_Instructions for the task_.
Provide an exact transcription of all the records.

BEGIN Extracted entries

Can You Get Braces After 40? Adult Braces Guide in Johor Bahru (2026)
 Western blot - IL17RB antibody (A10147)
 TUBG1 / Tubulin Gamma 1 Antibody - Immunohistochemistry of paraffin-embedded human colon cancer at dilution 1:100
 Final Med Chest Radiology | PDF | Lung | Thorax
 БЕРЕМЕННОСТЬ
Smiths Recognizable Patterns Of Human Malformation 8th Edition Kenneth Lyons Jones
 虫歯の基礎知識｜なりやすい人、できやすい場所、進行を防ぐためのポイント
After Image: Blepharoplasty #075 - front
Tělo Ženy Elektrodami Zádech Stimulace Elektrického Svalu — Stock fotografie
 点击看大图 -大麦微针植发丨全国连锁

END Extracted entries

_Result_.
Can You Get Braces After 40? Adult Braces Guide in Johor Bahru (2026)
 Western blot - IL17RB antibody (A10147)
 TUBG1 / Tubulin Gamma 1 Antibody - Immunohistochemistry of paraffin-embedded human colon cancer at dilution 1:100
 Final Med Chest Radiology | PDF | Lung | Thorax
 БЕРЕМЕННОСТЬ
Smiths Recognizable Patterns Of Human Malformation 8th Edition Kenneth Lyons Jones
 虫歯の基礎知識｜なりやすい人、できやすい場所、進行を防ぐためのポイント
After Image: Blepharoplasty #075 - front
Tělo Ženy Elektrodami Zádech Stimulace Elektrického Svalu — Stock fotografie
 点击看大图 -大麦微针植发丨全国连锁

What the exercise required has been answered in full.